*** Excerpted data Section Begins ***

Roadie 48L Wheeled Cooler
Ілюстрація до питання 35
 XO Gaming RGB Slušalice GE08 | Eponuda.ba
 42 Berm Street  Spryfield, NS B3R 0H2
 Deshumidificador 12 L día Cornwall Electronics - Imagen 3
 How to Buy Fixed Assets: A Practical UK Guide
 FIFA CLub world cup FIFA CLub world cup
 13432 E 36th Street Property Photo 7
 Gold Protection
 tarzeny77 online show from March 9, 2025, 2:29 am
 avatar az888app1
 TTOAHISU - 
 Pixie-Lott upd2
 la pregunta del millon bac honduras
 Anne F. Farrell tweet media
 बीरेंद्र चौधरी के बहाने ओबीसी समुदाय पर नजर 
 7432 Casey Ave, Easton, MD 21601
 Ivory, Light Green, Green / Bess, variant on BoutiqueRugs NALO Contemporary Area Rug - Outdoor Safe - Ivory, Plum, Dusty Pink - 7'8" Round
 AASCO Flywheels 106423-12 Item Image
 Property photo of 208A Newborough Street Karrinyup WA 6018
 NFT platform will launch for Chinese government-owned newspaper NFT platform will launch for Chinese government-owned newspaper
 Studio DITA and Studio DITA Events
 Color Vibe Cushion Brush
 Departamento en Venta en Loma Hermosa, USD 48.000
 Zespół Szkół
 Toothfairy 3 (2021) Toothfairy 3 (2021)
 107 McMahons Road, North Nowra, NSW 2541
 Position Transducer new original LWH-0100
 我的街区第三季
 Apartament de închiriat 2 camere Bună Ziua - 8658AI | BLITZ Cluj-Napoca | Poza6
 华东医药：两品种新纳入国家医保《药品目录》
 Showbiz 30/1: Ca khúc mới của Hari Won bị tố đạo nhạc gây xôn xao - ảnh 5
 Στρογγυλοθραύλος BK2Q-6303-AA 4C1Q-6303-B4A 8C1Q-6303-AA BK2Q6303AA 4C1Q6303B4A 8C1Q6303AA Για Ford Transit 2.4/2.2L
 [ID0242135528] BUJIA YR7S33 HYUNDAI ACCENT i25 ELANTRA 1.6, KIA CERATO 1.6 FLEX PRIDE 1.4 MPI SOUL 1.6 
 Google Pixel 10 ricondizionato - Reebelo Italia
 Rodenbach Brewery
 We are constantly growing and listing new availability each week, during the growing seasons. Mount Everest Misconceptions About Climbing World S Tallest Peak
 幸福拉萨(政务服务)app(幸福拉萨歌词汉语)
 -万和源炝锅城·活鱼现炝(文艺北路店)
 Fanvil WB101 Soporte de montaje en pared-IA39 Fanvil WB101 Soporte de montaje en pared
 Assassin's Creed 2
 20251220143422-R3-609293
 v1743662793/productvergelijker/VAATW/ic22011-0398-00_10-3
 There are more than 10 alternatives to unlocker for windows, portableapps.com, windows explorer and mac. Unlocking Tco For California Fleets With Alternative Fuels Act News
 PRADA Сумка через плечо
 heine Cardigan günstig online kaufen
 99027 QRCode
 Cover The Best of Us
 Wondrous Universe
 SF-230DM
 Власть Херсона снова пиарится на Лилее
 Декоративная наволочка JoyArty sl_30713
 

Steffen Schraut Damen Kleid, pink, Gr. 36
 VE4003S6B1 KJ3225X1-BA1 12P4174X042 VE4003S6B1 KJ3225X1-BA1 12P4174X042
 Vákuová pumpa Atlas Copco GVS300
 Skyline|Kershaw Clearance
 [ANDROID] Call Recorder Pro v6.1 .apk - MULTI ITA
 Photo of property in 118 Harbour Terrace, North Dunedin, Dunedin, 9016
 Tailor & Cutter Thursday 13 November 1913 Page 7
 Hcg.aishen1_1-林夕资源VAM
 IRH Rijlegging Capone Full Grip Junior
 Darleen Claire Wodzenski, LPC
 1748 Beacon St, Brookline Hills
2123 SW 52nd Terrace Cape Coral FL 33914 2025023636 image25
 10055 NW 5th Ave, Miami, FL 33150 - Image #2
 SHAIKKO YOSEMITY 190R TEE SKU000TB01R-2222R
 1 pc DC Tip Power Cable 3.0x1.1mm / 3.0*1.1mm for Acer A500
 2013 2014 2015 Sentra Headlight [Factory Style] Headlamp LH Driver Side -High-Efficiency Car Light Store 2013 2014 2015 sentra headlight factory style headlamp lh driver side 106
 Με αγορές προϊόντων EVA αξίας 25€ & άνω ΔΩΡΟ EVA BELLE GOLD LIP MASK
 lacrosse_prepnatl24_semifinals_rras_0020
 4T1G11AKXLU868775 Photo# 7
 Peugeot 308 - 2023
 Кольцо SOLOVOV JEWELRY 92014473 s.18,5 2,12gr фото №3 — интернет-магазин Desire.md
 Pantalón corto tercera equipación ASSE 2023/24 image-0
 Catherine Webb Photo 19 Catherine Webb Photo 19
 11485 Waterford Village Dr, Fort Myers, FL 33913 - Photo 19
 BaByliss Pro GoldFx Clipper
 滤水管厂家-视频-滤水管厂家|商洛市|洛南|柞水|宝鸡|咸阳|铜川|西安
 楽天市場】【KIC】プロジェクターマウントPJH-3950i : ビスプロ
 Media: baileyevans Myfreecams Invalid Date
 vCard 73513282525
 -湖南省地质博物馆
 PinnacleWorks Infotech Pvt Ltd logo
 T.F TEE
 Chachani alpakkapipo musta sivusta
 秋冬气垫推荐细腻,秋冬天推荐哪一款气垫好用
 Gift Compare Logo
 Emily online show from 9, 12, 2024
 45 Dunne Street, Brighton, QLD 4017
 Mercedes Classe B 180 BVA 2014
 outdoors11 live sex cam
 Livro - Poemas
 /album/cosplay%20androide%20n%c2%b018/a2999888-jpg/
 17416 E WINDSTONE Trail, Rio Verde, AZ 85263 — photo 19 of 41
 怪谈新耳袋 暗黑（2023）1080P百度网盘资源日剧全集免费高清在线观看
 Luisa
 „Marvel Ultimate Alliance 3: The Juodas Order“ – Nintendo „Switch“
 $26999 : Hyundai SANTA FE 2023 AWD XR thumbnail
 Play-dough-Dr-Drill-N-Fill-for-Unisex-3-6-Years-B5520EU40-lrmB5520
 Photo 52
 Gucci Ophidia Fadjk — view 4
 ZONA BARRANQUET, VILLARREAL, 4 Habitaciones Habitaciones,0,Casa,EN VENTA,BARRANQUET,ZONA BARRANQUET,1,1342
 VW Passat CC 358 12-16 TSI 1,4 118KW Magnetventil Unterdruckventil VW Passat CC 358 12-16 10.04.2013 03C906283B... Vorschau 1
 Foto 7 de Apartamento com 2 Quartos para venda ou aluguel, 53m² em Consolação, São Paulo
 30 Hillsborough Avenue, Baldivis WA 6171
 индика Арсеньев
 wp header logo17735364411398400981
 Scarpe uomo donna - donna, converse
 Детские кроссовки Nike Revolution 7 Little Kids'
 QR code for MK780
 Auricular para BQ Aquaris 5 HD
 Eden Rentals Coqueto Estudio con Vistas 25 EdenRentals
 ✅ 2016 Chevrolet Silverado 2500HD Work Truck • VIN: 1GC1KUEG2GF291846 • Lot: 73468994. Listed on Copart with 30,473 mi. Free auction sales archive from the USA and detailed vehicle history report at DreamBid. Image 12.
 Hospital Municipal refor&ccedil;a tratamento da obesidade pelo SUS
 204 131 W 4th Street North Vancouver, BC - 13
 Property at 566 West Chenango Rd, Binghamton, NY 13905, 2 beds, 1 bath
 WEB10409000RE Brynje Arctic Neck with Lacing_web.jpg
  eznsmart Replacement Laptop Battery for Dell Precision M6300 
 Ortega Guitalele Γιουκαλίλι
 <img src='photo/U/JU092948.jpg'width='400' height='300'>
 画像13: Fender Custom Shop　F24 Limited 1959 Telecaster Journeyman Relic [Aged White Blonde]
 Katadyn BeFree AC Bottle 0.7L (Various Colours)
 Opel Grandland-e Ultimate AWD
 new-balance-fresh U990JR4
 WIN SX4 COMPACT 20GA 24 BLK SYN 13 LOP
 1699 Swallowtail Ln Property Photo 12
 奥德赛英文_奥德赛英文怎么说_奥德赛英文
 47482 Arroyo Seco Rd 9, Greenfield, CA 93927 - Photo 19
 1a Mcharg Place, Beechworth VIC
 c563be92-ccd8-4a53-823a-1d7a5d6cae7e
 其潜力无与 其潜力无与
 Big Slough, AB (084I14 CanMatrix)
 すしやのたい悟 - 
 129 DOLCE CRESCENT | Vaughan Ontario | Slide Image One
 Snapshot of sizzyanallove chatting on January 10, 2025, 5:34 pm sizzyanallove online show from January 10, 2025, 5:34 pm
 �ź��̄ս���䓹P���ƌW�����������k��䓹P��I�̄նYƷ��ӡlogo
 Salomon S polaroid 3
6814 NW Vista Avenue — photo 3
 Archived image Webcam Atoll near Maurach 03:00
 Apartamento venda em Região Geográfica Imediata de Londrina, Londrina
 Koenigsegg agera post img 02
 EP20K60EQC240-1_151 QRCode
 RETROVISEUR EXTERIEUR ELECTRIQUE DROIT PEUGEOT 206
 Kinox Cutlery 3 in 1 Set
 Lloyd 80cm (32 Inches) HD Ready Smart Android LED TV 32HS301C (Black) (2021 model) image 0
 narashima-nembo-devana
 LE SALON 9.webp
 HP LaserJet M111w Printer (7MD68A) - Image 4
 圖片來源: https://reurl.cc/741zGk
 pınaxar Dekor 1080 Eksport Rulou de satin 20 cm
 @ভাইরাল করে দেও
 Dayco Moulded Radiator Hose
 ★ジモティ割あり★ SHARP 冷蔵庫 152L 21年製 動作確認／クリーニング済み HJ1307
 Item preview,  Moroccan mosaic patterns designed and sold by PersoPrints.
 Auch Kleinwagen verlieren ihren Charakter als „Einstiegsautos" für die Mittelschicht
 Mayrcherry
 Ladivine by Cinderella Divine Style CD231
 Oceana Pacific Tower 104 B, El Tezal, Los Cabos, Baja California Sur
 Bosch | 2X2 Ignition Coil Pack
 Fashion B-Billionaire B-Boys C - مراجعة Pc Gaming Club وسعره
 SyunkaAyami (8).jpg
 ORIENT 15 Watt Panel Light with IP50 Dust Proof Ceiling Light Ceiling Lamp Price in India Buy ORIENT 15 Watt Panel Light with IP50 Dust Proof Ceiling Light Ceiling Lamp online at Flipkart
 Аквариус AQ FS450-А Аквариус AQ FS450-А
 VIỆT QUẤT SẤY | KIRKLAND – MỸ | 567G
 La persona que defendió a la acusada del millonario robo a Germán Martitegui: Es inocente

*** Excerpted data Section Ends ***

**Instructions to follow**
Look back at the entries above and repeat, unchanged, every line from the line holding "7432 Casey Ave, Easton, MD 21601" through the line holding "Property photo of".

**Task answer**
 7432 Casey Ave, Easton, MD 21601
 Ivory, Light Green, Green / Bess, variant on BoutiqueRugs NALO Contemporary Area Rug - Outdoor Safe - Ivory, Plum, Dusty Pink - 7'8" Round
 AASCO Flywheels 106423-12 Item Image
 Property photo of 208A Newborough Street Karrinyup WA 6018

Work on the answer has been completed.